Hello there. I haven’t been blogging lately because I wasn’t in the mood, having an excruciating toothache for over a week (wisdom teeth). The agony is over, but this blog post will be brief.
After several months of reading plays and Shakespeare books, I returned to short stories, novellas, and novels.
Returning to Tolstoy (in the translation of Aylmer and Louise Maude), I first read a short story called “A Spark Neglected Burns the House”. It’s a moral tale, a well-written one but still a moral tale—I thought Tolstoy was capable of so much more.

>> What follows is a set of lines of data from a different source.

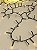 PISCA FESTÃO 1500 LEDS 40 METROS WARM COM STROBO WARM NOVO FIO VERDE BIVOLT USO INTERNO E EXTERNO - Imagem 8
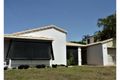 Property photo of 54 Fordham Street Wavell Heights QLD 4012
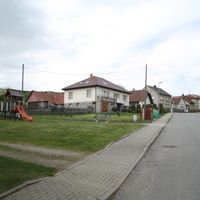 Útěchovice pod Stražištěm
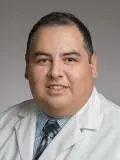 Image of Dr. Zumba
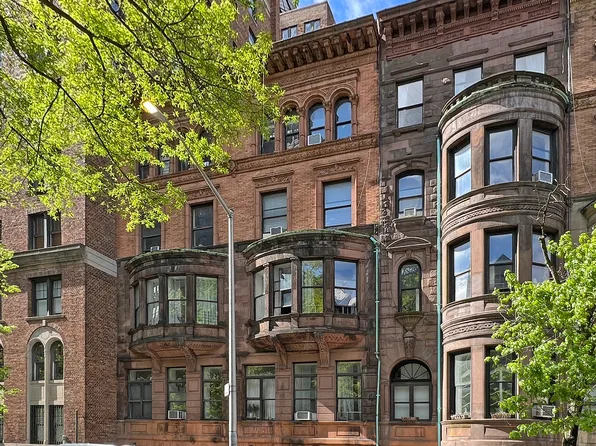 28 West 73rd Street image 1 of 1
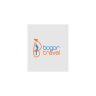Lowongan Kerja Sales and Marketing Manager Tour and Travel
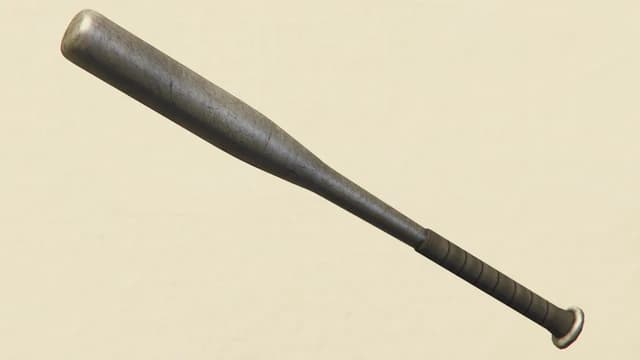 Baseball Bat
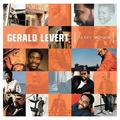 GERALD LEVERT / ジェラルド・レヴァート / IN MY SONGS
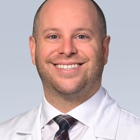 Jason E. Shpilsky, MD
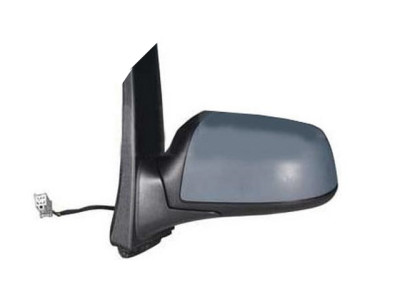 RETROVISOR ESPEJO COMPLETO DERECHO Ford C-Max (03-10) / Focus C-Max. 27316764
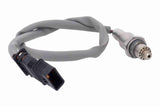 Oxygen Sensor - V20-76-0193
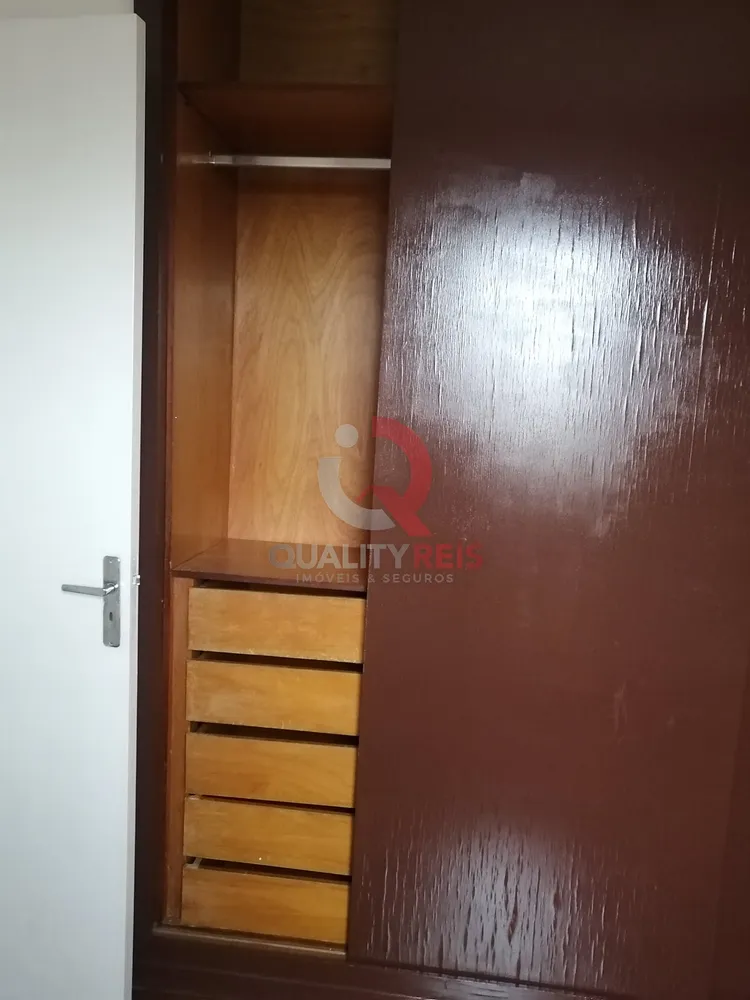 Apartamento, 2 quartos, 49 m² - Foto 19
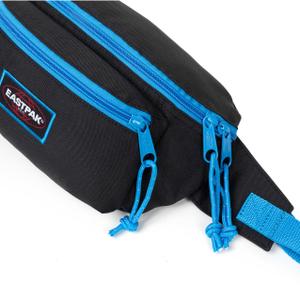 product/e/a/eastpak_ek0000734w6_kontrast-bubble_2.jpg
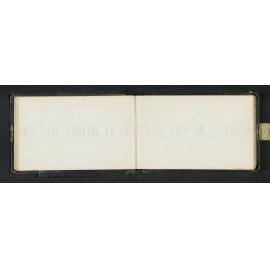CB-OLD_0364_029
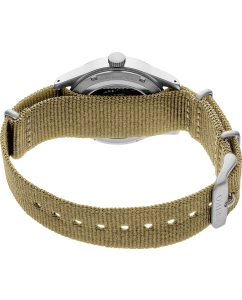 Купить Японские механические наручные часы Seiko SRPJ83  в E-mobi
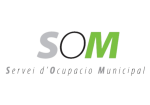 som logo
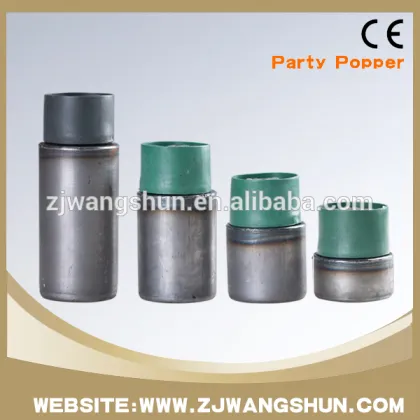 Wholesale party supplies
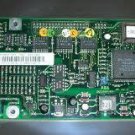 (ABB)SASD573001A13 YPK112A   good in condition for industry use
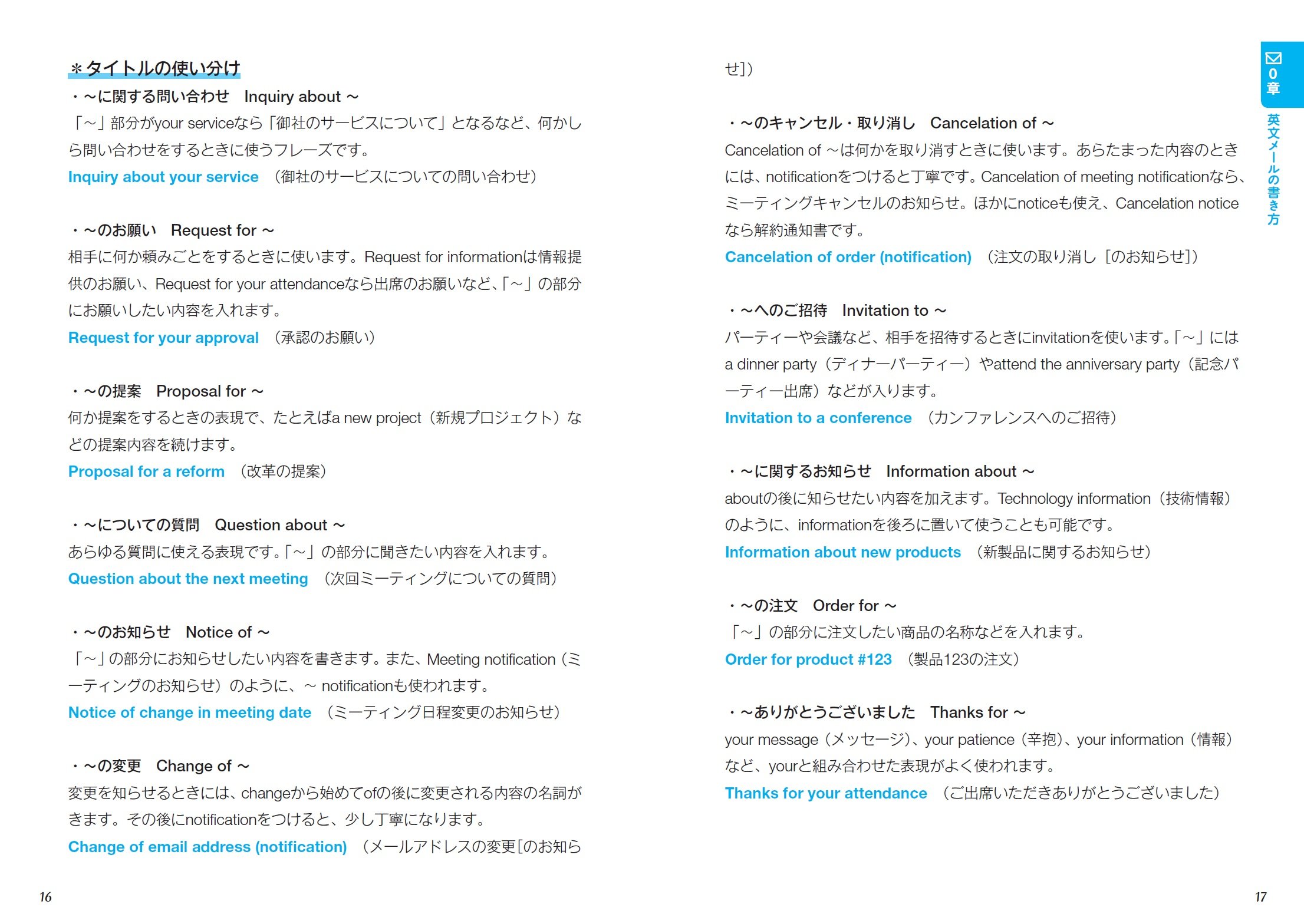 失礼のない表現を パッと探して すぐ書ける 英文ビジネスメール モノの言い方辞典 Amazon Com Books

And he was. The next reads were The Kreutzer Sonata and The Devil, and they’re both superb. Neither are comfortable to read and The Kreutzer Sonata may provoke some strong feelings of anger and disgust because it explores the mind of a sick, jealous, and misogynistic man, but both are great works. Do I think The Kreutzer Sonata is a misogynistic work? Some people seem to think there is a clear-cut answer but there isn’t. On the one hand, Tolstoy did write an epilogue in which he agreed with a lot of the character’s extreme views on sex and the body, and I did notice that not only the second narrator (the main character) but the first narrator (in the frame story) was also misogynistic, making unnecessary comments on the woman in the discussion about love and marriage, but on the other hand, Tolstoy is not the character. The character/ the second narrator, as he admits it himself, didn’t see his wife as a human being until he saw her dying, and can you imagine him—the character—having sympathy for Anna or Sonya or Natasha or Dolly as Tolstoy clearly does?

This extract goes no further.